24.11.18

Programaciones que nos destruyen, dolores que nos despiertan



Fran está furioso. Cuando habla, sus dardos y su rabia se dirigen a la que fue su esposa: que no le avisó, que no se ha sabido explicar, que tiene una empanada mental desde hace años, que no se aclara, que no ha tenido en cuenta la presión laboral bajo la que ha vivido en los últimos tiempos…

Pero en realidad está enojado consigo mismo. Por no haberse enterado de que algo grave pasaba a tan pocos centímetros de él. No sabría decir si es que no escuchó o no entendió. Pero comprende que no supo ponerse en el lugar de su pareja ni vislumbrar siquiera la frustración y el gran vacío de cariño que le llevaron a romper la relación. Le da rabia haber sido víctima de la programación cultural machista que recibió sin pararse a cuestionarla o a pensar en las consecuencias que podría tener en su vida. Le invade la impotencia cuando se da cuenta de que le faltó lucidez para captar que la “empanada mental” de su mujer no era más que una búsqueda de identidad obstaculizada –hasta llegar a asfixiarla-, por el concepto de esposa que imperaba en su matrimonio.

Además se siente engañado. Le habían explicado que era el hombre el que llevaba los pantalones y ahora dice con amargura: “Ya he aprendido que son las mujeres quienes deciden”. No es todavía capaz de ver hasta qué punto ha decidido él –con su modo de actuar- la situación en la que se encuentra. Aquel día en que estaba demasiado ocupado o abstraído como para escucharla, aquel otro en que censuró sus impulsos de ser ella misma cuando no se adecuaban a la imagen de esposa y madre que él había proyectado para su familia, aquella tarde en la que ignoró los problemas que ella le planteaba o no les dio prioridad fue generando una distancia que ahora resulta difícil de salvar.

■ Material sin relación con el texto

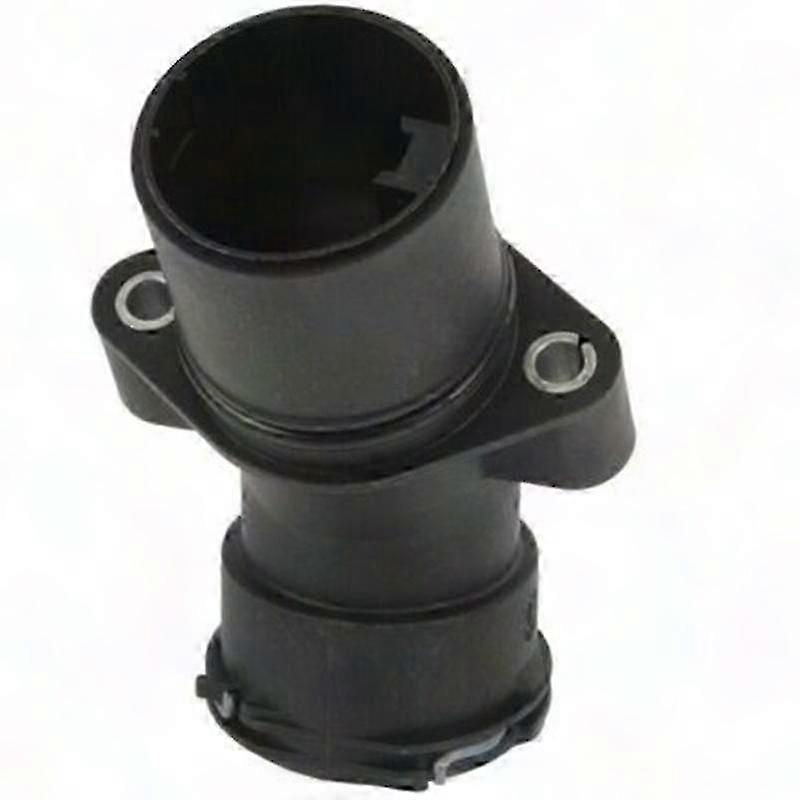 Kühlmittelthermostat Für Zylinderkopf – S204 W203 W204 Cl203 C230 2712001256, Neues Gehäuse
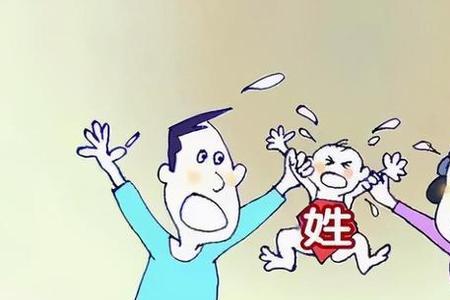 空气打一姓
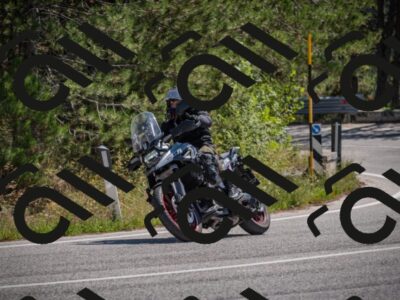 20250906122121-_5002007_am_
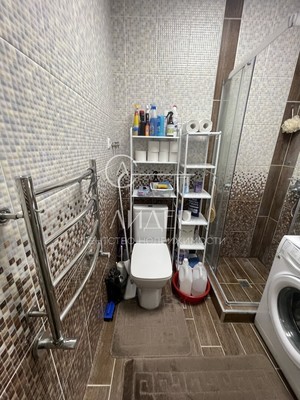 Продам однокомнатную (1-комн.) квартиру, Ивановская ул, 24, Высокое с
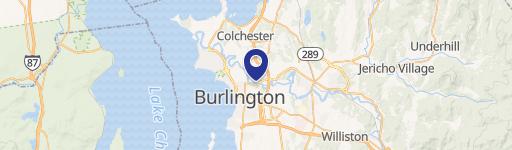 199 Riverside Ave, Unit 215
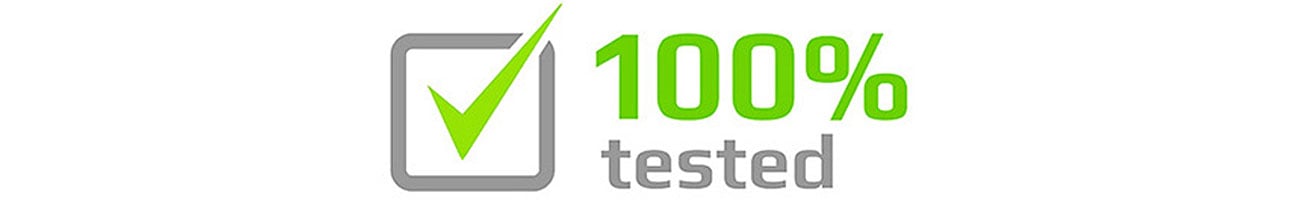 Pamięć RAM DDR3 GOODRAM CL9 Testy fabryczne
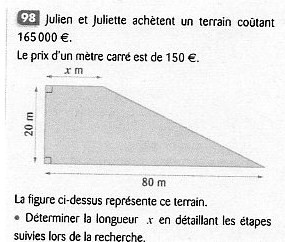 document ci joint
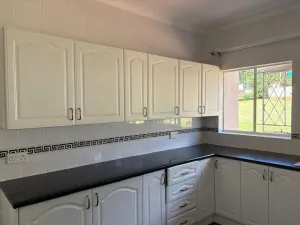 4 Bedroom House to Rent in Kambanji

Desde que ella le comunicó la decisión de separarse, siente que se ha hundido el suelo que había bajo sus pies lo que le produce una sensación de inseguridad insoportable. En un intento de amortiguarla sacando pecho, sigue ridiculizando el proceso de autoconocimiento de su mujer y hace comentarios jocosos sobre sus actividades. El abismo que los separa se hace todavía mayor, porque el dolor le hace transgredir una vez más esa norma sagrada para la salud de las relaciones: el respeto a la otra persona, a las decisiones que tome y a las obras que emprenda, por mucho que éstas disientan de los propios criterios u opiniones. La falta de respeto siempre desgarra el vínculo.

El dolor nos despierta del letargo, del vivir mecánico o inconsciente. Si deseamos que haga el efecto deseado, hay que atreverse a vivirlo sin paliativos ni disimulos. Pero no conviene permanecer en él más que el tiempo imprescindible para despertar aquellas facetas de nuestro ser que estaban dormidas. Si nos quedamos en el ego herido que sólo busca justificarse, seguiremos sin enterarnos y la vida nos devolverá a la casilla de salida sin que el dolor haya cumplido su función pedagógica.